Entrada do Exército Libertador, segundo tela de Presciliano Silva, mostra a passagem dos soldados pelo arco feito pelas freiras do Soledade.
 http://www.ua.pt/vieira2008/ReadImage.aspx?obj=3181
Não houve rendição de Madeira de Melo; este simplesmente embarcou, derrotado, com o que lhe restava de tropas na capital, cerca de quatro mil e quinhentos homens, que tomaram 83 embarcações. As primeiras tropas brasileiras que entraram na capital foram as que estacionavam em Pirajá e seguiram até São Caetano, sob o comando do coronel João de Souza Meira Girão, trecho da antiga "estrada das boiadas" que, depois, passou a chamar-se Estrada da Liberdade. Teriam sido recebidos, segundo a tradição, por um arco do triunfo feito em flores pelas irmãs do Convento da Soledade. Também ali seguiam José Joaquim de Lima e Silva, à frente do Batalhão do Imperador e comandante-em-chefe e o Coronel Antero José Ferreira de Brito com os homens que tomaram as trincheiras da Lapinha e Soledade.
Outras tropas ingressaram na cidade, ocupando-lhe os quartéis e pontos-chave de sua defesa:
  1. Felisberto Gomes Caldeira saiu de Armação e Rio Vermelho rumo ao Tororó, Barra, Graça e Corredor da Vitória, ocupando os quartéis do Campo da Pólvora, Palma, Gamboa e Forte de São Pedro, e ainda a Casa da Pólvora, nos Aflitos.

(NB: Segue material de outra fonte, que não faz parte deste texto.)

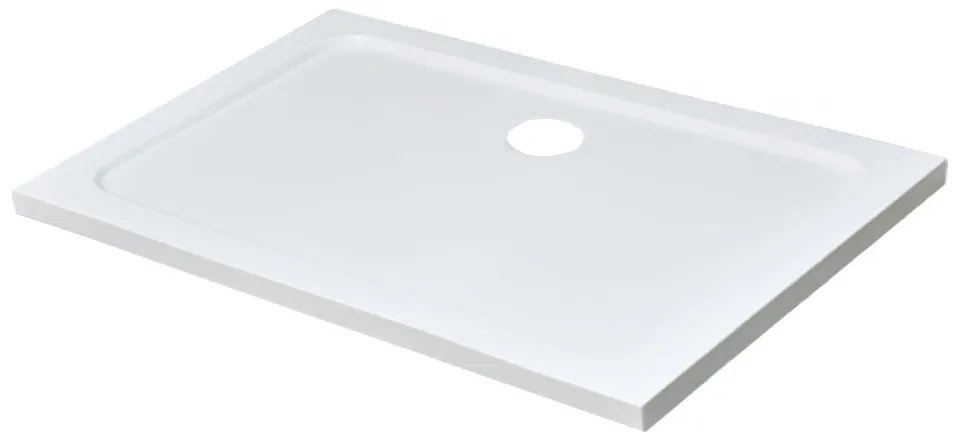 Modena Slim aszimmetrikus szögletes akril zuhanytálca, 80x120 cm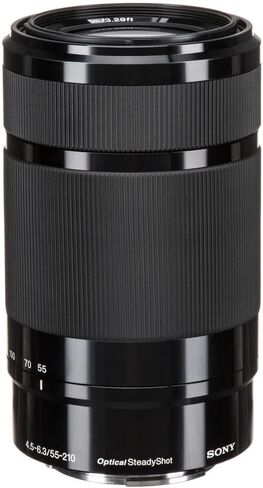 عدسة Sony E مقاس 55-210 مم f/4.5-6.3 OSS (أسود) + مجموعة مرشحات مكونة من 3 قطع + حقيبة ظهر + بطاقة ذاكرة سعة 64 جيجابايت + حامل ثلاثي مرن + محفظة بطاقة الذاكرة + حافظة غطاء العدسة + طقم تنظيف العدسة + حزام اليد - حزمة in Saudi Arabia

  2. Major José Leite Pacheco, saindo de Armação e da Pituba, segue pela área conquistada pelo Major Silva Castro em Cruz de Cosme e vai para o Carmo. Ocupam o Convento do Carmo, e postos em São Bento, Piedade, Jerusalém (ou Hospício), Noviciado (atual São Joaquim) e Santa Tereza.
Ao todo chegam a Salvador, no 2 de julho, um total de 8.686 oficiais e soldados, sem contar as mais de mil mulheres que os acompanhavam no auxílio, cozinha e socorro.